The problem is that when we have developed insulin resistance, insulin is now less effective in helping produce nitric oxide in the vessel cell lining. Now the cells are less responsive to insulin, and they do not dilate efficiently, causing blood pressure to stay elevated.

Insulin resistance changes our body fats, better known as lipids.

You know them as triglycerides, and LDL and HDL cholesterol. These fats are important, because our body is able to break them down into fatty acids as use for energy.

Without getting into the whole cholesterol topic, we can just assert that insulin resistance causes us to produce more of the damaging, dense LDL’s. Almost all cholesterol is made in the liver, and when we have insulin resistance, the liver shifts that cholesterol production to the damaging, dense LDL’s.

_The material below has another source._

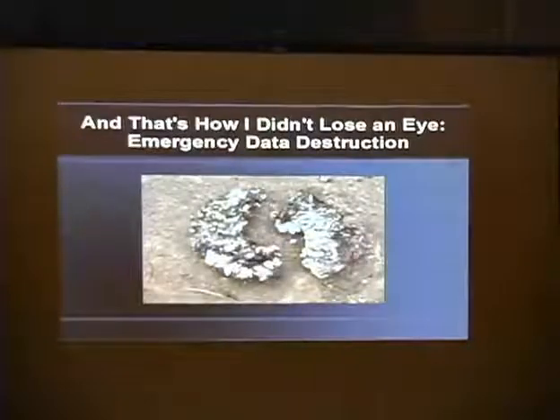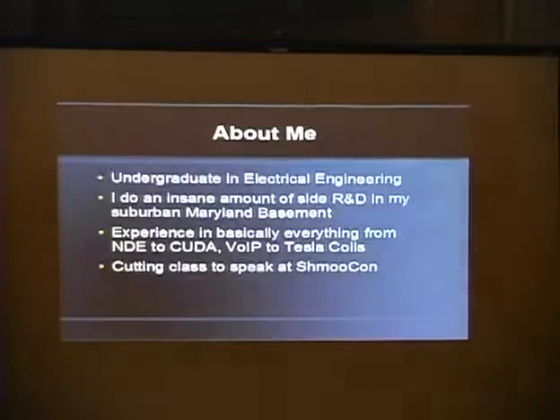My pseudonym is Skunk Works, and today I'm going to be talking to you about hard drive anti-forensics. My talk's entitled 'And That's How I Didn't Lose an Eye: Emergency Data Destruction.' The picture up there is what used to be a hard drive platter after some modified thermite was applied to it — about as forensically useful as a wet noodle now.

Still, these LDL’s alone are not the problem. All cells, even cells that line your blood vessels, need cholesterol to maintain healthy function. It’s when these fats and cholesterol get oxidized that an inflammatory response is created, which is the beginning process of developing plaque in the arteries.

The biggest culprit to oxidation is processed seed oils. Oils like soybean oil, canola oil, corn oil, cotton seed oil, etc. They are highly inflammatory.

The great news is that even if you do have insulin resistance currently, you can make choices that will help to reverse it. So many Genesis clients have been able to do this, and they are now living healthy lives without diabetes or high blood pressure.